Ecommerce is an industry where decisions have to be made in real-time since customers can take advantage of the slightest loopholes.
Suppose an eCommerce store offers vouchers or discounts to newbie customers. In that case, an existing customer can take advantage of these first-time offers simply by registering with a different email address, leading to voucher fraud.
The buy now pay later option provided by Ecommerce stores can be taken advantage of because the response to queries from payment and security systems is slow or all the data regarding the customer is unavailable in one single place.
Fraudulent orders are placed using the address of an unsuspecting customer who receives invoices for the orders they never placed, leading to delivery fraud.
Timely intervention is possible with all the information regarding a patient in one single database with even the minute details of the medicines they are allergic to and their past surgeries.
Thus a better relationship with the patient develops, and a complete view of their health is available, helping them achieve the best possible treatment.
The finance industry is the most vulnerable to fraudulent activities.
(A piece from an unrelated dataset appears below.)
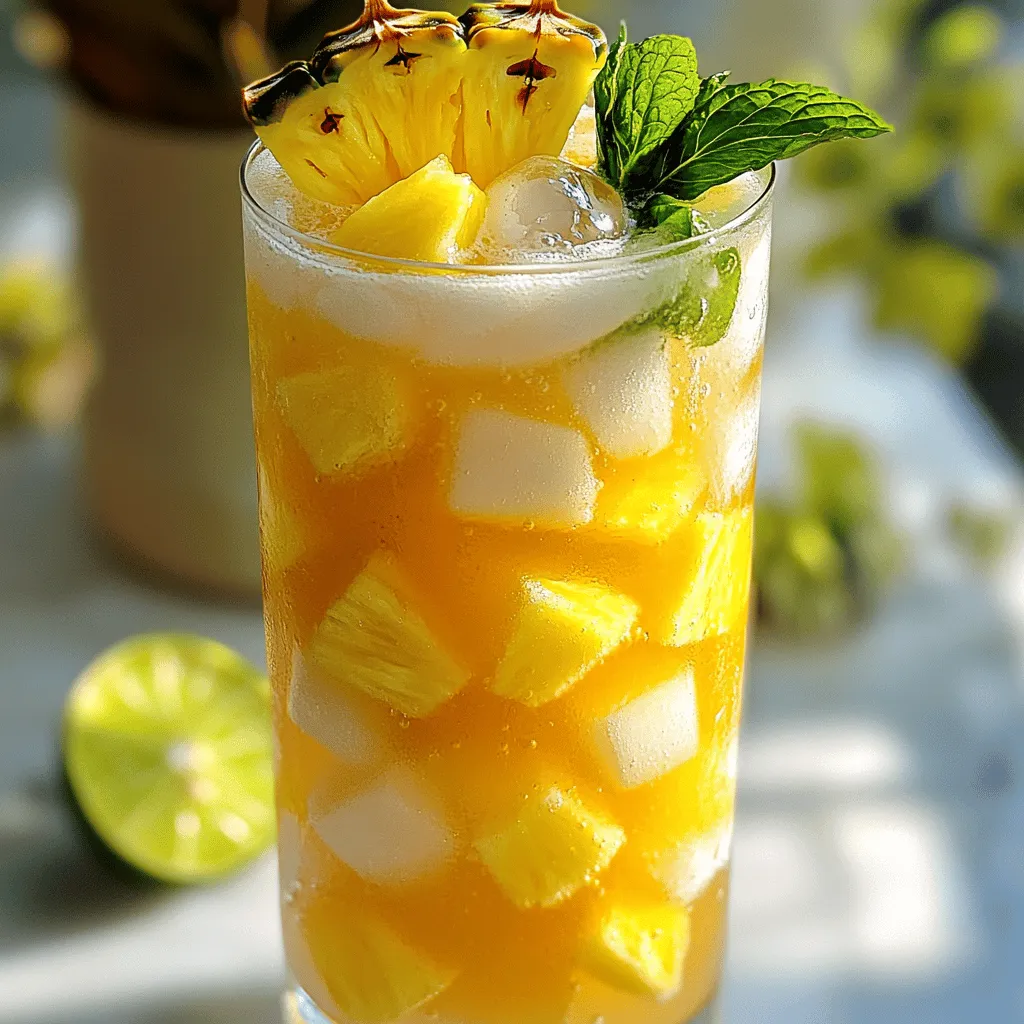 - Pineapple: 1 cup diced - Lime: 1 for juicing - Mint: 10 fresh leaves, plus extra for garnish - Coconut water: 1 cup - Sparkling water: for topping - Agave syrup (or honey): 2 tablespoons - Ice cubes: preferably crushed - Garnish: lime slices and mint sprigs To make the Pineapple Coconut Mojito Mocktail, let's gather our ingredients. Fresh pineapple gives this drink its sweet and tangy base. Diced into small pieces, it blends smoothly. The lime adds a zesty kick, bringing balance to the sweetness. Mint leaves provide a refreshing aroma and taste that lifts the entire drink. Coconut water is the star liquid, giving us a tropical vibe. It’s hydrating and pairs well with the other flavors. To finish, we’ll top off our mocktail with sparkling water for a bubbly effect. For sweetness, I suggest using agave syrup. It blends well and doesn’t overpower the other flavors. If you prefer, honey works too. We will need ice cubes to chill the drink and keep it cool on hot days. Lastly, lime slices and mint sprigs make for pretty garnishes that also enhance the drink's taste. You can find the full recipe above. Now, let’s get ready to create this refreshing delight! To start your Pineapple Coconut Mojito Mocktail, gather your ingredients. In a blender, combine the diced pineapple, coconut water, lime juice, and agave syrup. Blend them at high speed until the mixture is smooth. Check for any chunks and blend longer if needed. This base gives your drink a sweet and tropical flavor. Next, take a large serving pitcher. Use a muddler or the back of a spoon to gently press the mint leaves. This step is key to releasing their essential oils. Be careful not to tear the leaves too much. If you do, it can make your drink taste bitter. Just press gently until you smell that fresh mint aroma. Now it's time to mix everything together. Carefully pour the smooth pineapple and coconut mixture over the muddled mint in your pitcher. Stir it well to blend the flavors. Fill each glass with ice cubes or crushed ice. Pour the blended mocktail over the ice until the glasses are three-quarters full. Finally, top each glass off with sparkling water. Give it a gentle stir to mix, but don’t break those bubbles. Garnish with a slice of lime and a sprig of fresh mint. Enjoy your refreshing drink! For the full recipe, check out the details above. To make a great Pineapple Coconut Mojito Mocktail, use fresh pineapple. Fresh pineapple gives the drink a sweet and juicy flavor. You want every sip to burst with taste. Next, fresh mint is key. It adds a bright and vibrant taste that makes the drink pop. Be sure to use mint leaves that are bright green. You can adjust the sweetness to fit your taste. If you want it sweeter, add more agave syrup. If you like it less sweet, use less. You can also try different fruits. Adding berries or citrus fruits can give your mocktail a fun twist. Fresh herbs like basil can also add a new layer of flavor. Serve your mocktail right after making it. This ensures you enjoy the best flavor and freshness. Use chilled glasses for an extra refreshing experience. You can chill your glasses in the freezer for a few minutes before pouring. This small step makes a big difference! {{image_4}} You can add other tropical fruits to your mocktail. Mango and passion fruit work well. Just chop them up and blend them into the base. This gives your drink a fun twist. It also brings extra sweetness and flavor. Try mixing and matching to find your favorite combo! If you want a lower-calorie drink, swap agave syrup for stevia. Stevia has no calories and can sweeten your mocktail. Start with a small amount, then taste and adjust. This keeps your drink light and refreshing, while still being delicious. Using flavored sparkling waters is another great idea. You can find many choices, like lime, berry, or tropical flavors. This adds a new layer of taste to your drink. Simply top off your mocktail with your chosen sparkling water. It gives a fun fizz and keeps things exciting! You should drink the pineapple coconut mojito mocktail fresh for the best taste. If you need to store it, you can refrigerate it for up to 2 hours. After that, the flavors may fade, and it won't be as refreshing. You can save time by prepping the ingredients ahead. Mix the pineapple and coconut base in advance. This way, when you want a drink, you can put it together quickly. Just blend the base, and it will be ready to go. Avoid adding ice to the whole mix before serving. If you do, the drink will get watery. Instead, add ice to each glass right before you pour in the mocktail. This keeps it cold without losing flavor! Enjoy it chilled and flavorful! Yes, you can make this mocktail ahead of time. To keep it fresh, prepare the base without adding sparkling water. Blend the pineapple, coconut water, lime juice, and agave syrup. Store this mixture in the fridge for up to two hours. When you are ready to serve, pour the mixture over ice and top it off with sparkling water. This way, you keep the bubbles lively and refreshing. Absolutely! If you dislike coconut, you can use regular water or juice instead of coconut water. Pineapple juice works well and adds a sweet touch. You can also try using flavored sparkling water for some fizz without the coconut flavor. This gives you a tasty drink without losing the fun of a mojito. If you want to switch things up, try using basil or cilantro. Both herbs bring a fresh taste. Basil gives a sweet and peppery kick, while cilantro adds a bright note. You can also use lemon balm for a mild lemon flavor. Don’t be afraid to experiment with different herbs to find your favorite blend! This mocktail uses fresh pineapple, lime, and mint for a tasty drink. You blend these ingredients with coconut water, add sweetener, and mix with sparkling water. For the best flavor, serve it right away with ice. You can switch things up with different fruits or herbs. Remember, fresh ingredients make a huge difference. Enjoy this refreshing drink at any gathering or just for yourself. Simple, delicious, and perfect for hot days!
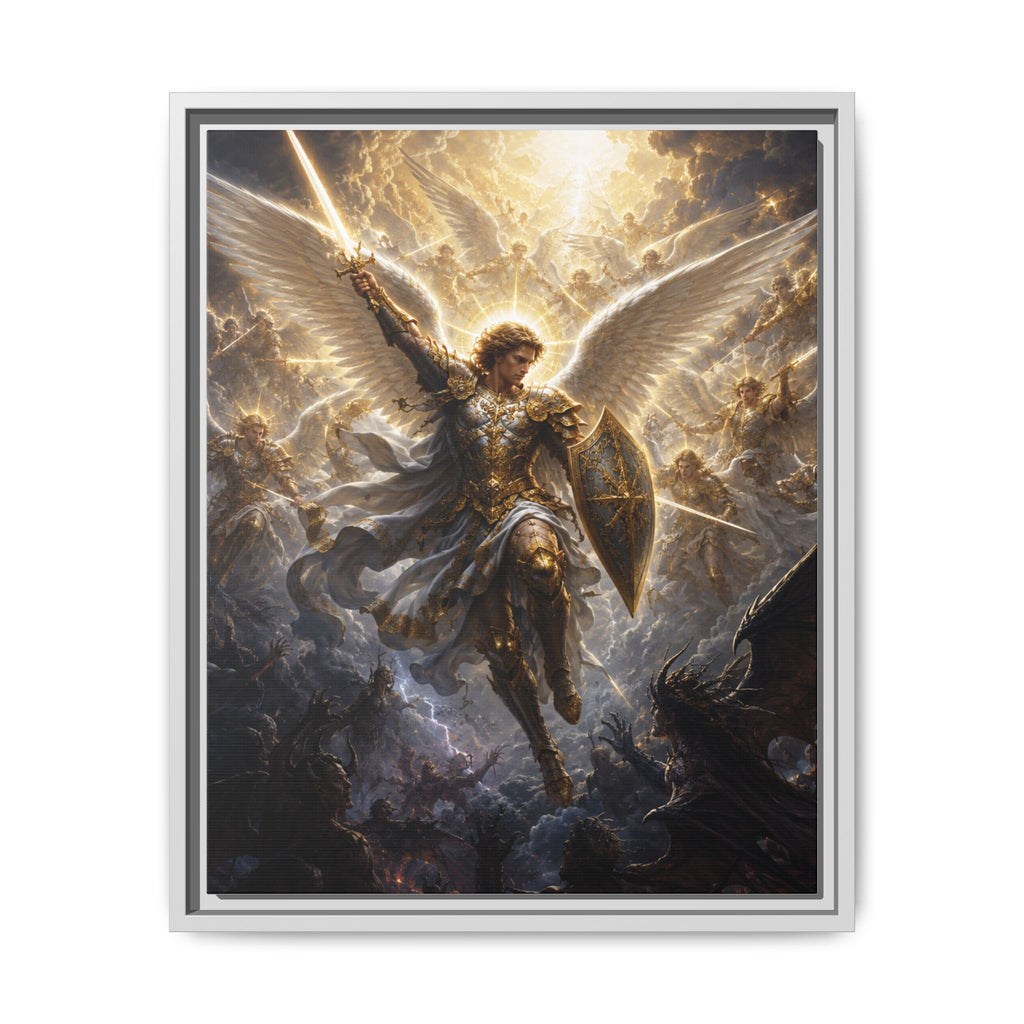 Framed Matte Canvas: Radiant Archangel Wall Art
Any slight mismatch in the data related to a person might lead to wrongly evaluating their credit scores, not detecting debt frauds, or even issuing loans to an ineligible individual.
The common thread among all these industries is that even a slight mismatch in the entity data can lead to enormous losses, negatively affect the customer experience, and fraud can go undetected.
To ensure good entity resolution for any industry use case, two things must happen: one, the data must be correctly related to the same person or product, and two, the data regarding the person or the product must be accessible in a split second.
We looked at how entity resolution helps decode information connected to people, but what about product data?
9. How does entity resolution help with products?
When processing product data, it’s not uncommon for products to be duplicated because the title or description differs significantly.
Assume you plan to purchase a camera and search for “canon Ixus 285 black.”
These are the search results that crop up.
“Canon Ixus 285 Hs Black Compact Camera”, “Canon Ixus 285 HS black”, “Canon IXUS 285 HS 20,2 Megapixel Full HD Compact Camera, 25–300 mm “, “Canon Ixus 285 HS BLACK 20,2 “, “Canon IXUS 285 HS Essential Kit black “, “Canon Ixus PowerShot 285 HS (Black) “
But all you just wanted to see was the Canon Ixus 285 black model and not six different Canon Models.
With entity resolution, the details of only the model you searched for comes up in the catalog and not six other products helping your search get accurate, faster, and better.
Entity resolution is a necessity for the success of a business. Entity resolution backed with serverless technology is even better.
With serverless technology, you can scale entity resolution to handle large-scale requests and, at the same time, maintain speed.
When done correctly, entity resolution allows you to have all of the information you need at your fingertips. With this single source of truth, you can make split-second decisions, cater to customer needs, assess business needs, and derive insights from every segment of your business, effectively increasing your enterprise value exponentially.